In comments leaked to Israeli media from a cabinet meeting Sunday, Netanyahu told ministers that every effort should be made to avoid confrontation with Trump over the Palestinian issue, and that he planned to affirm his commitment to the two-state solution.

"Netanyahu is basically someone who is extremely risk-averse and wants to preserve stability at all costs," says Nathan Thrall, a Jerusalem-based senior analyst with the International Crisis Group. "For Trump to hold the traditional American view that Israel ought to exhibit restraint is useful to him."

Such positions could help Netanyau push back against rightist rivals like Education Minister Naftali Bennett, leader of the pro-settlement Jewish Home party, who warned before Netanyahu's departure that the words "Palestinian state" should not be uttered at the Washington meeting, and that if they were, "the earth will shake."

Preserving the status quo

To appease his right flank, Netanyahu has recently announced approval of the construction of some 6,000 homes in Israeli settlements in the West Bank and in East Jerusalem, and even said he would build a new settlement to compensate dozens of families evicted from an unauthorized settlement outpost, Amona, earlier this month.

But despite those moves, Netanyahu prefers a policy of "not rocking the boat and basically preserving the status quo," Mr. Thrall says, "neither pursuing the policies urged by the right or a making a grand deal for a two-state solution."

Netanyahu has so far resisted calls from rightist ministers to annex Ma'aleh Adumim, a large West Bank settlement near Jerusalem, as a first step to annexation of other swaths of territory where large settlements are located.

Trump's campaign promise of moving the US Embassy to Jerusalem has also drawn a tepid response from Netanyahu. After avoiding public comment on the subject for months, Netanyahu said recently that the embassy ought to be in Jerusalem, but he did not urge Trump to promptly follow through on his pledge.

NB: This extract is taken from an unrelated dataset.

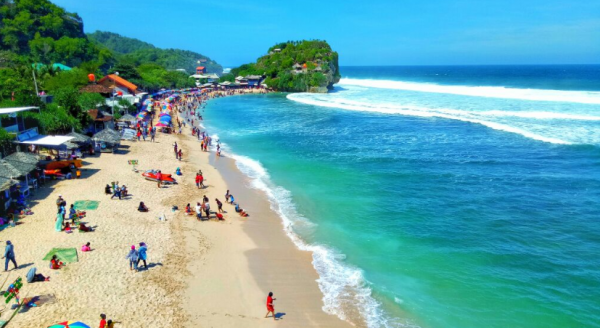 5 Pantai Paling Eksotis di Yogja yang Wajib Masuk "Bucket List"
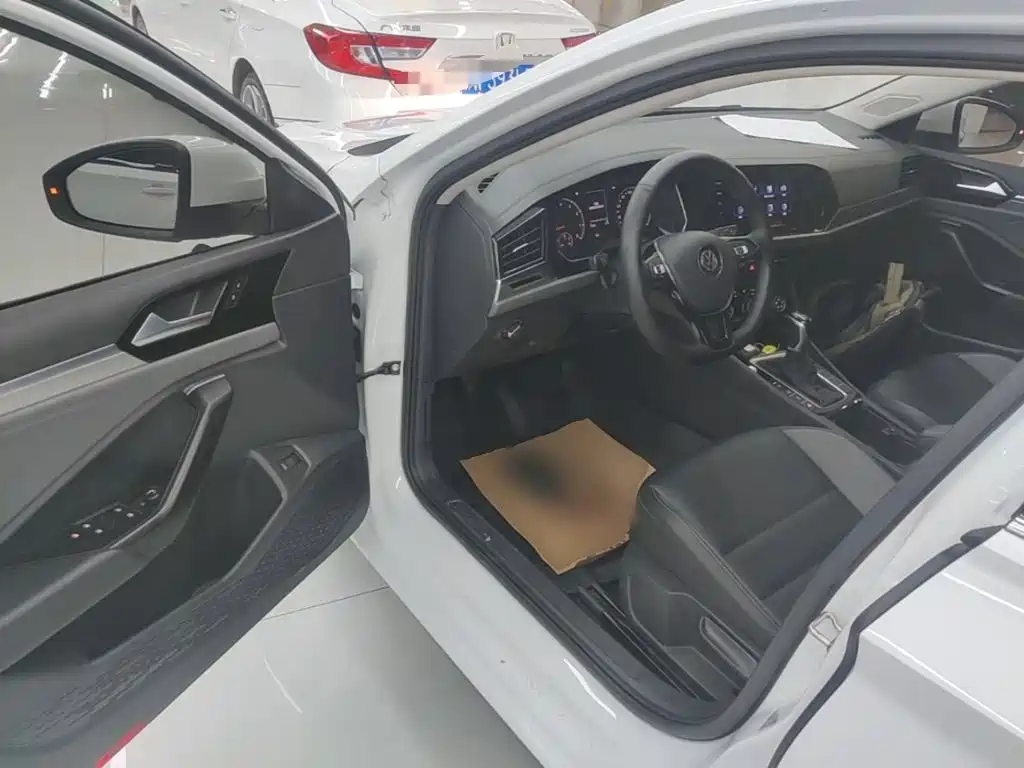 Volkswagen Sagitar — миниатюра 16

Israeli security officials have warned that violent Palestinian unrest could be triggered by an embassy move, and Arab leaders have also expressed concern, prompting Trump to delay action on the issue.

Netanyahu's worry about increased violence on his watch is compounded by his vulnerability in public opinion following a deepening Israeli police probe into his suspected receipt of illicit gifts from wealthy benefactors.

Reviving a Bush commitment

Analysts said Netanyahu could try to reach a middle-of-the-road understanding with Trump that would sanction building inside large Israeli settlement blocs in the West Bank while halting construction outside them.

"If there will be an understanding in principle that building can go on in areas that are more or less accepted as a future part of Israel, but no wild settlement spree that could foreclose any possibility for a solution – for Netanyahu that would be a pretty good result," says Yehuda Ben Meir, a research fellow at the Institute for National Security Studies in Tel Aviv.

Dennis Ross, a former US peace mediator, says one formula could be the resurrection of a 2004 commitment given by former president George W. Bush to the late Israeli prime minister Ariel Sharon that any future border would take into account the large Israeli settlements in the West Bank.

An agreement on building only inside those blocs would "help the prime minister with the pressure that he is under from Jewish Home and from some of the right-wing ministers in his own party," Ross says.